UN report on violence towards women and girls in El Salvador
A recent report from an independent United Nations human rights expert has warned that violence against women and girls in El Salvador remains prevalent and pervasive. Murders are on the rise and kidnappings, sexual assaults and sexual harassment all too frequent, she told the UN.
Rashida Manjoo, UN Special Rapporteur on Violence against Women, visited El Salvador this month and stressed that the country still faces “significant challenges” in dealing with gender-based violence.
“Of particular concern to me is the growing prevalence and forms of such violence, especially the alarming rise in the numbers of murders of women and girls and the brutality inflicted on their bodies, which is often accompanied by kidnapping and sexual assault,” she said in a statement.

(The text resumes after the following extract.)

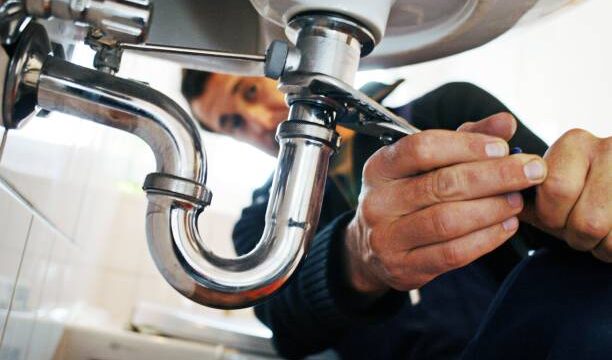 istockphoto-1440019701-612x612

Ms. Manjoo also expressed concern that the violence against women and girls is taking place in so many different settings.
“Domestic violence, sexual abuse against women and children in the home and the community, violence and sexual harassment in the workplace, particularly in the maquila sector [factories operating in duty-free zones] and the domestic sphere, police-related violence and sexual commercial exploitation” are all serious problems.
She said that although El Salvador “has come a long way in institution-building and human rights protection since the end of the 12-year civil war in 1992,” impunity for crimes, socio-economic inequalities and a macho culture “foster a generalized state of violence”.
Ms. Manjoo serves in an unpaid and independent capacity and reports to the UN Human Rights Council in Geneva.